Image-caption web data
BEGIN

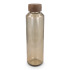 Butelka InSideOut z recyklingowanego szkła ReuuZ z drewnianym korkiem 650 ml Transparentny / brązowy LT57013-N0451  thumbnail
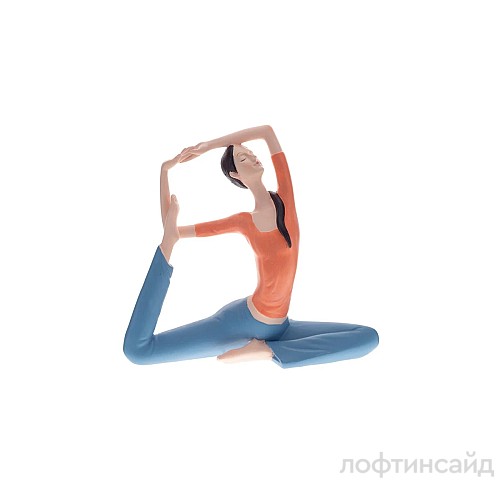 Фигурка декоративная Yoga ОГО 802429, розовый, голубой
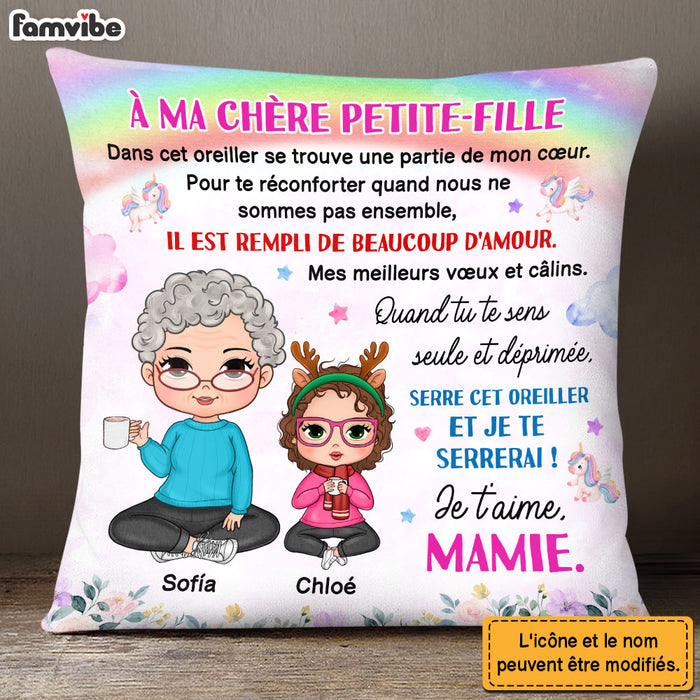 Personalized Gift For Granddaughter French Petite Fille Pillow 30112 1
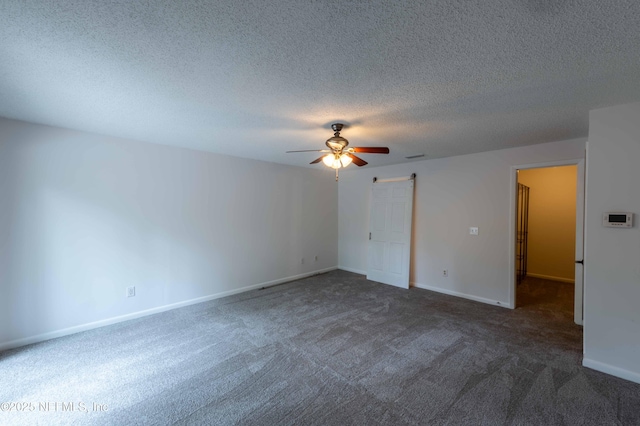 4837 Wethersfield Pl W, Jacksonville, FL 32257 - carpeted empty room featuring ceiling fan, a textured ceiling, and baseboards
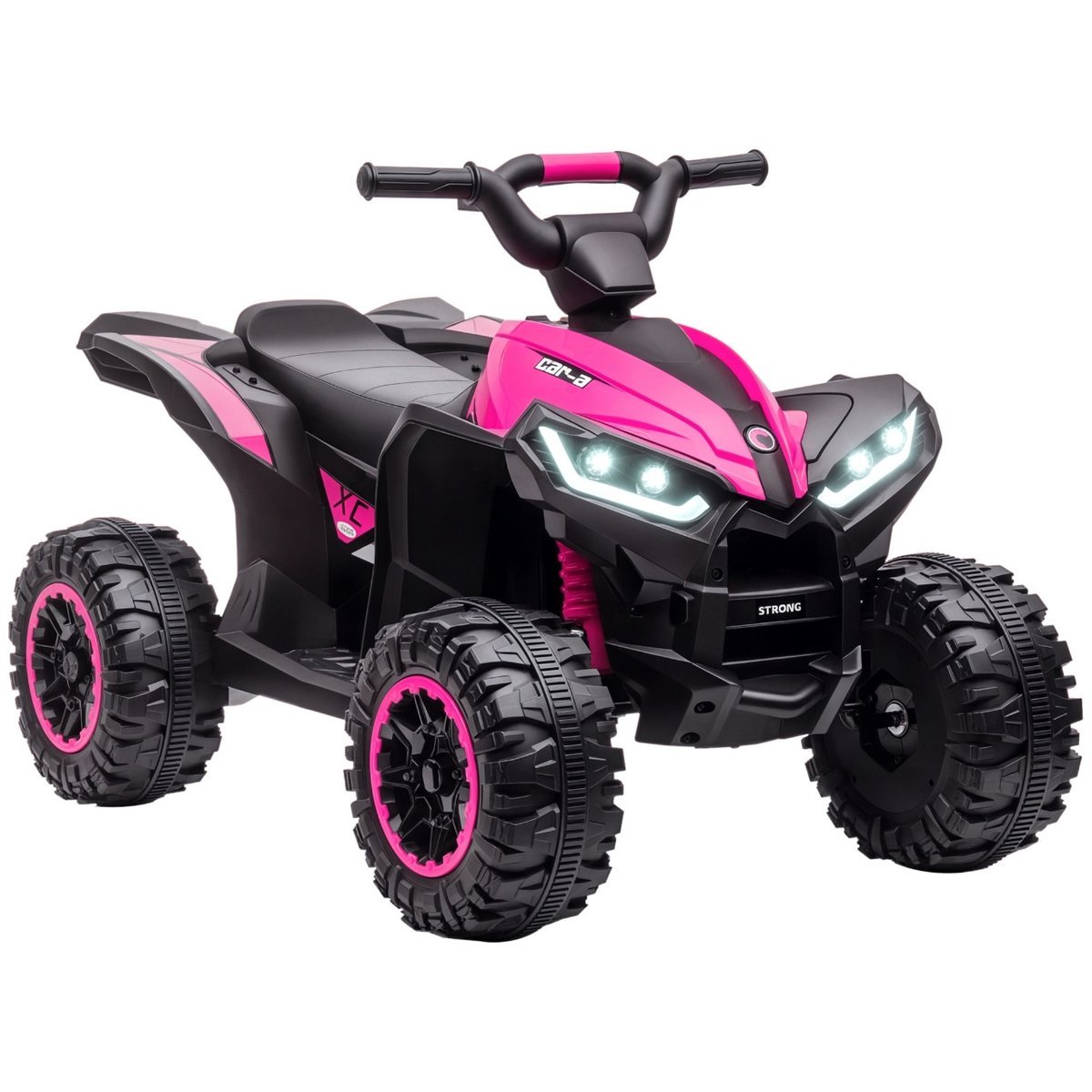 HOMCOM Dziecięcy Quad Elektryczny 12 V z funkcją jazdy do przodu i do tyłu, muzyką, portem USB, klaksonem, reflektorami LED 3-6 km/h Elektryczny Qua..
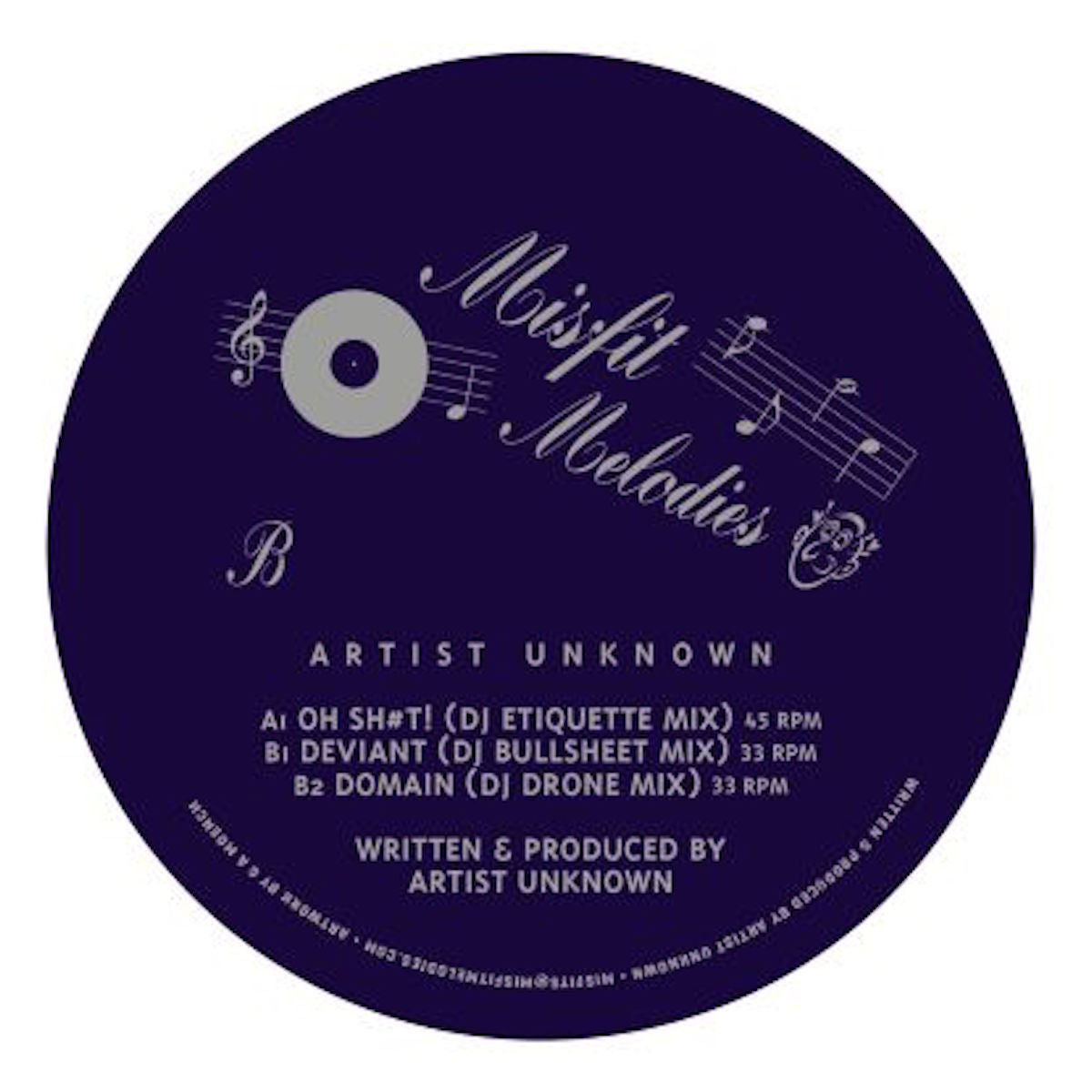 Artist Unknown – Oh Sh#t vinyl cover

END

### Action item
All records above should be duplicated exactly, with the pictures omitted.

### Result of this exercise
 Butelka InSideOut z recyklingowanego szkła ReuuZ z drewnianym korkiem 650 ml Transparentny / brązowy LT57013-N0451  thumbnail
 Фигурка декоративная Yoga ОГО 802429, розовый, голубой
 Personalized Gift For Granddaughter French Petite Fille Pillow 30112 1
 4837 Wethersfield Pl W, Jacksonville, FL 32257 - carpeted empty room featuring ceiling fan, a textured ceiling, and baseboards
 HOMCOM Dziecięcy Quad Elektryczny 12 V z funkcją jazdy do przodu i do tyłu, muzyką, portem USB, klaksonem, reflektorami LED 3-6 km/h Elektryczny Qua..
 Artist Unknown – Oh Sh#t vinyl cover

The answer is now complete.